On Wednesday the House of Representatives approved the Celebrating America’s Heritage Act (H.R. 1483) which would send over $135 million of federal pork to special interest groups in select members’ districts. The bill would create six new national heritage areas, including the controversial Journey Through Hallowed Ground (JTHG) heritage area, and increase federal funding for nine existing heritage areas by 50 percent.

The bill passed by a vote of 291-122, along mostly party lines.

Although the bill passed, the measure faced more opposition than any heritage area bill in 13 years. The National Center for Public Policy Research says this is a sign that the momentum is building against heritage areas.

National heritage areas are creations of Congress in which special interest groups, whose work at times has been funded through secret congressional earmarks, team up with the National Park Service to influence decisions over local land use previously made exclusively by elected local governments and private landowners.
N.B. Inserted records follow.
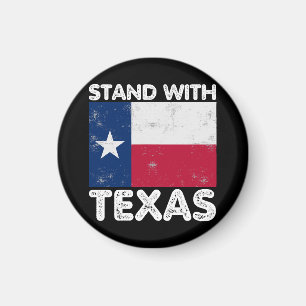 Support Texas I Stand With Texas Texan Flag Magnet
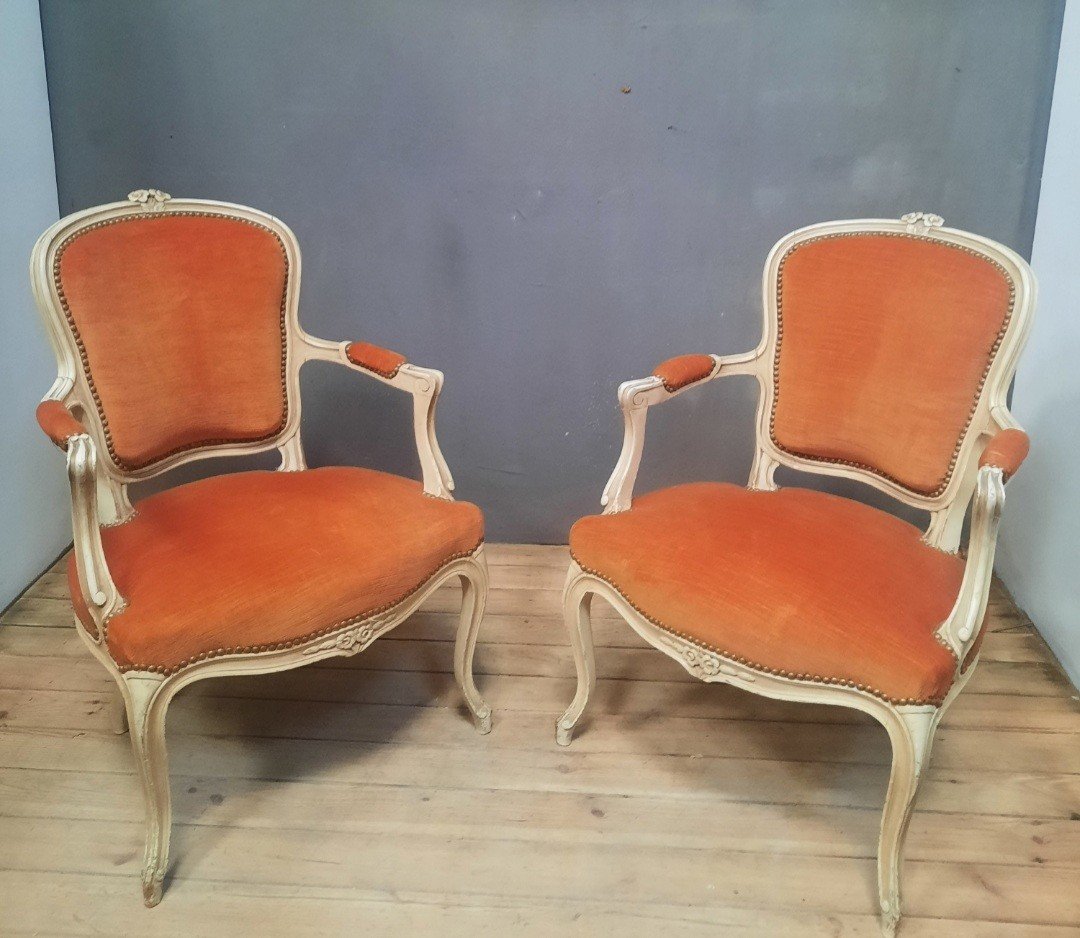 Pair Of Louis XV Armchairs 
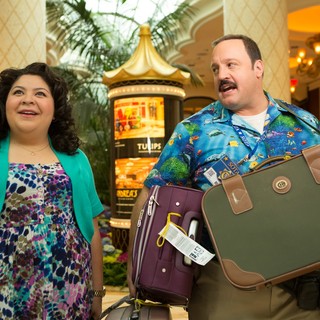 Raini Rodriguez stars as Maya and Kevin James stars as Paul Blart in Columbia Pictures' Paul Blart: Mall Cop 2 (2015)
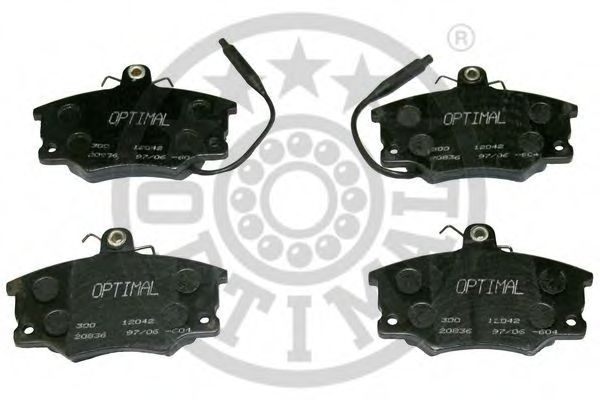 Комплект тормозных колодок, дисковый тормоз OPTIMAL 12042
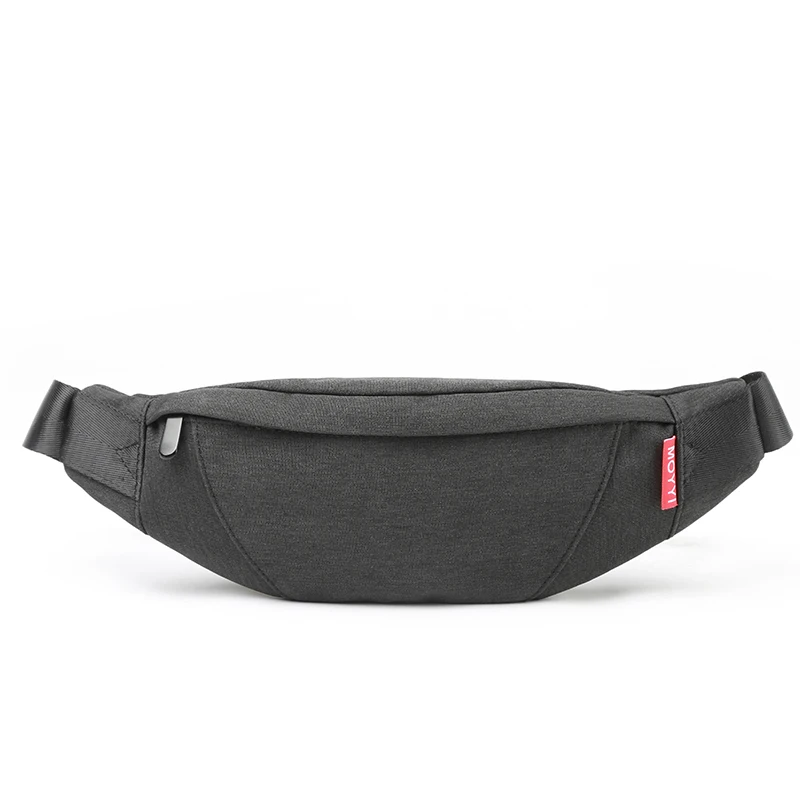 Sport Fanny Pack Black Waterproof Money Belt Bag Men Purse Teenager's Travel Wallet Belt Male Waist Bag Cigarette Case for Phone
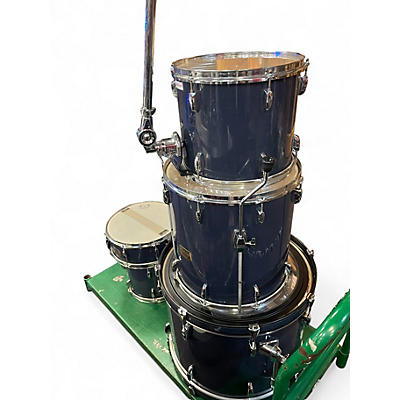 Used Pearl 5 Piece Export Blue Drum Kit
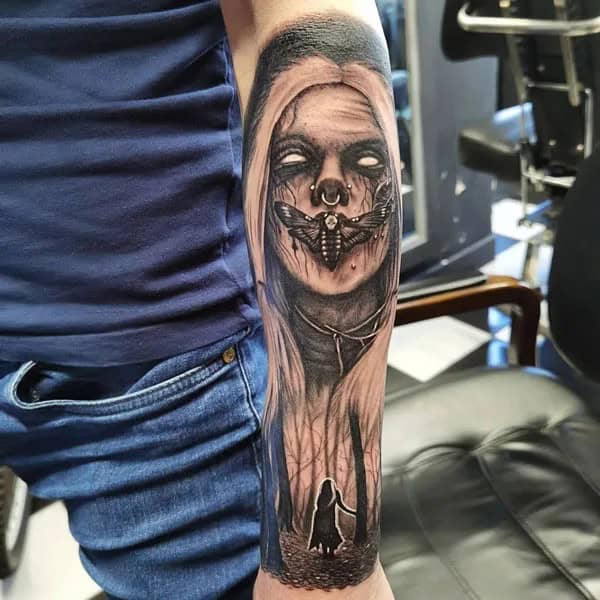 Old School Horror Tattoo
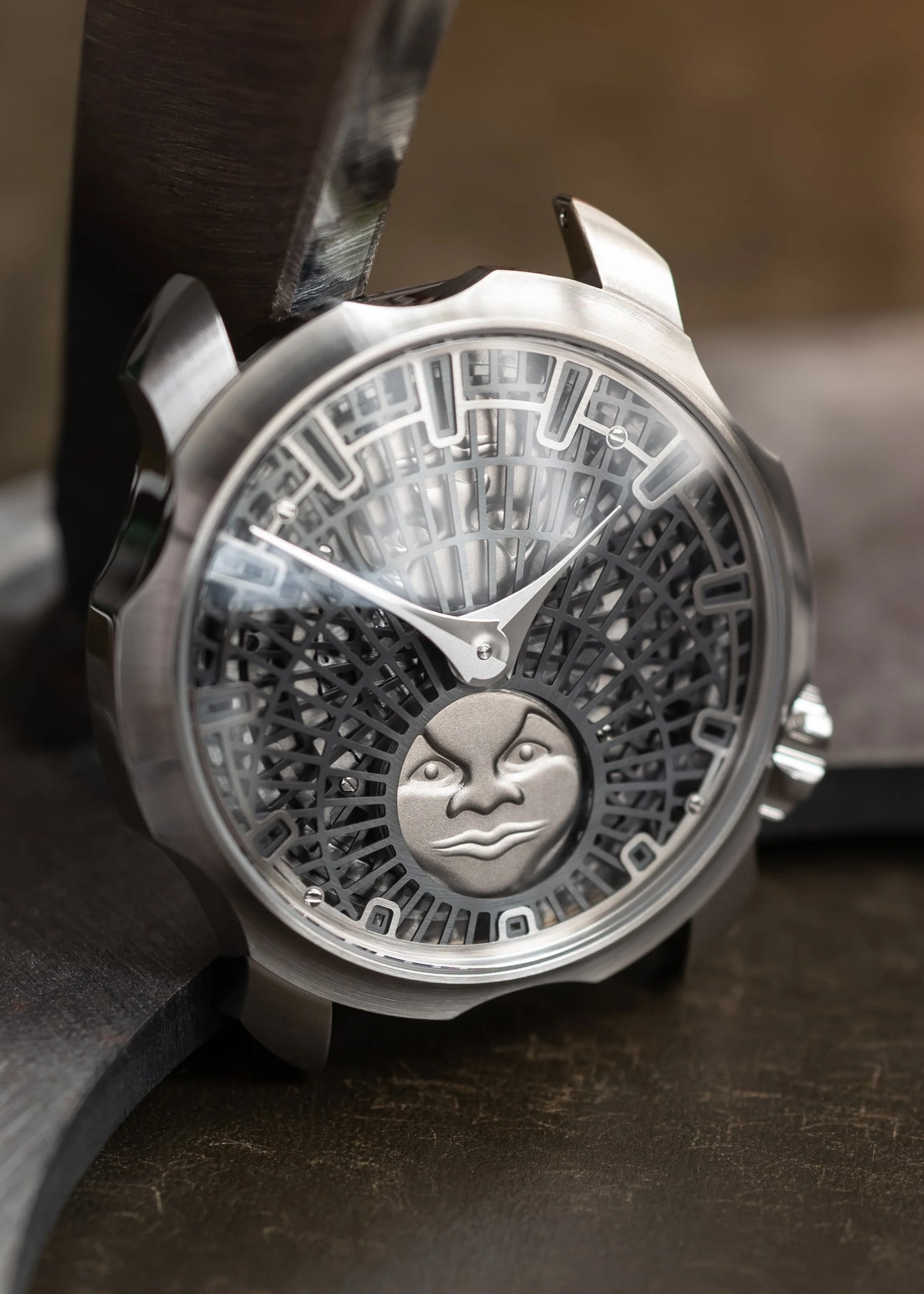 SARPANEVA "Supermoon" with Stainless Steel Moonbridge Bracelet - 12 Piece Special Edition (Pre-Order)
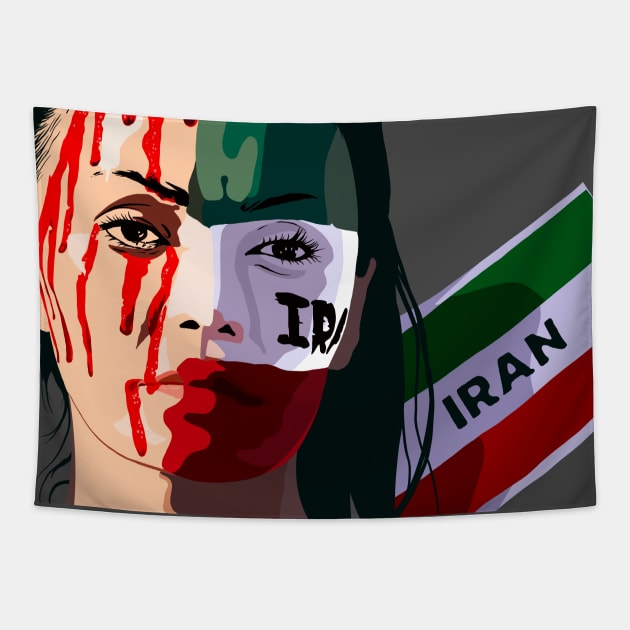 Iran Tapestry by Arnond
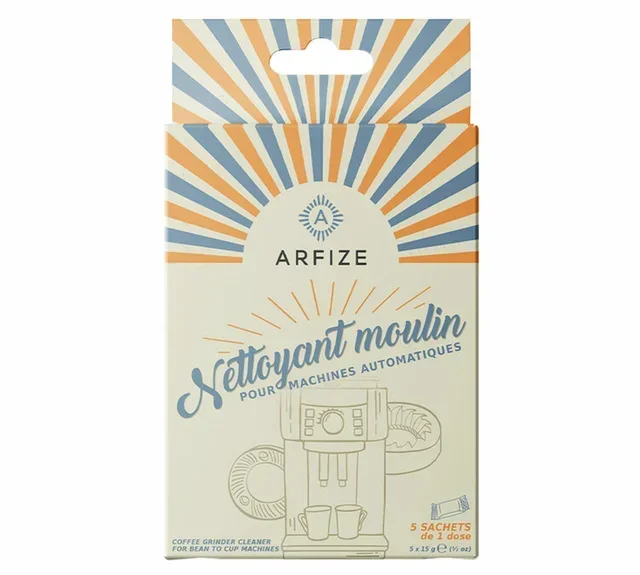 Sredstvo za čišćenje ugrađenog mlina za espresso aparate – 5 vrećica s odmjerenom količinom (15 g).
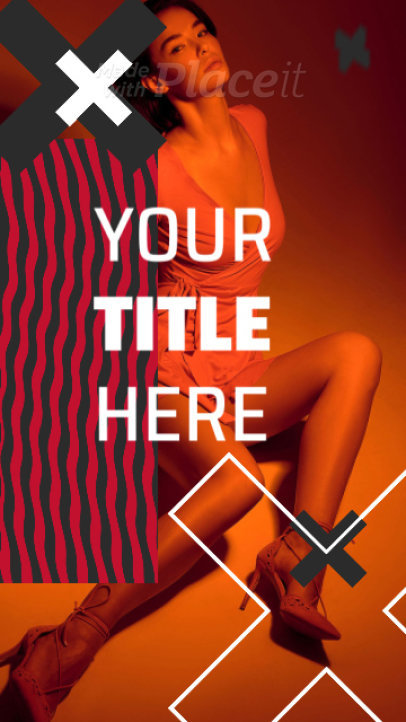 Instagram Story Template with Modern Designs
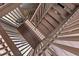 Staircase on the outdoor deck leading to a lower level at 12085 Stringer Rd, Brooksville, FL 34601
Donald Pongrace, a lobbyist with Akin Gump, wrote the legislative language for JTHG and serves on the board of the JTHG Partnership, according to the group’s website. JTHG is one of the special interest groups that would receive $1 million per year under the initiative. Mr. Pongrace’s wife, Olwen Pongrace, works at the JTHG Partnership as vice president.

Earlier, the JTHG Partnership received a one million-dollar earmark through the 2005 transportation bill. At the time, the group was not incorporated.

H.R. 1483 passed despite the objections of Representatives Roscoe Bartlett (R-Md.), Virgil Goode (R-Va.), Robert Goodlatte (R-Va.), Thelma Drake (R-Va.), J. Randy Forbes (R-Va.) and Joe Pitts (R-Pa.), who represent three of the four states that would be affected by The Journey Through Hallowed Ground heritage area designation. The heritage area would cut through Representative Barlett’s and Representative Goode’s districts, posing a direct threat to the rights of their constituents. It could present problems for constituents of Representatives Forbes, Pitts, and Goodlatte, as the members’ districts are near the Route 15 corridor. House members were provided with a map number (P90/80,000), but not the map, outlining the heritage area’s boundaries.